I have a couple of questions regarding TBB's unfair scheduling.

1. I read through the user manual that describes Task Scheduler and this what it says

" Tasks in Intel Threading Building Blocks are efficient too because the scheduler is unfair. Thread schedulers typically distribute time slices in a round-robin fashion. This distribution is called fair, because each logical thread gets its fair share of time. Thread schedulers are typically fair because it is the safest strategy to undertake without understanding the higher-level organization of a program. In task-based programming, the task scheduler does have some higher-level information, and so can sacrifice fairness for efficiency. Indeed, it often delays starting a task until it can make useful progress."

And as I understand the above TBB scheduler makes sure that the thread executing a task runs until the task completes. Is this correct? If yes how is this done?

2. "Indeed, it often delays starting a task until it can make useful progress."
What does the above line mean?

3. Im planning to use the TBB scheduler in my application wherein I have a thread(boost thread) which waits on data packets to arrive. The boost thread creates a tbb::task and spawns it to the TaskScheduler and waits for taking the next data packet. The frequency at which the data packets arrive is not determinate( they may arrive at high frequency and sometimes at a low frequency). Hence the decision to use boost thread to wait on the data packets and spawn tasks for processing the packet.

And lets say I initialize the scheduler with number of physical threads( lets say 4). Also lets assume the boost thread reads four data packets and spawns tasks for them to the task scheduler( using task::spawn() ) and waits for further data packets to arrive. All the four worker threads in the scheduler steals a task each and start executing the stolen task. Now lets say a data packet arrives when all the worker threads are busy executing their task.

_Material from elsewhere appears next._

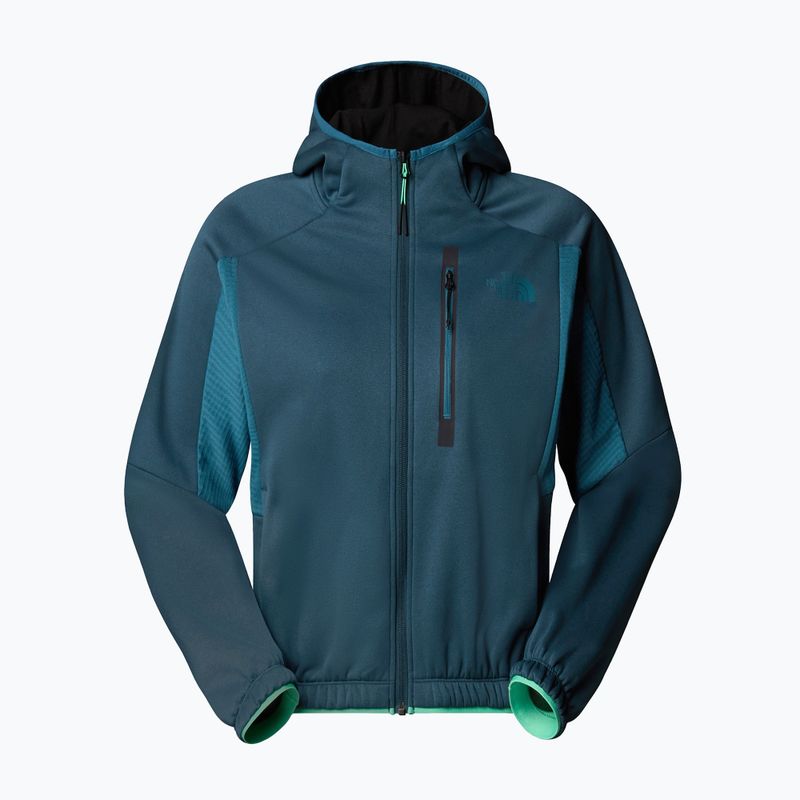 Bluza damska The North Face Mountain Athletics Fleece Full Zip deep cypress/space 5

Now the question is when will the boost thread get its turn for collecting the data packet and spawning a task. Will it get its turn only when one of the worker thread finishes executing the task? How will the overall scheduling work now? Will it be fair or unfair?

4. Now in the above case the boost thread will always spawn a task into its own readypool and the worker threads will try to always steal from the ready pool of the boost thread. Is it possible that I target the spawn into the ready pools of other worker threads in the scheduler( may be randomly)? Because it makes sense for me to that because the boost thread will never process tasks in its own ready pool( they are always stolen by worker threads in the scheduler).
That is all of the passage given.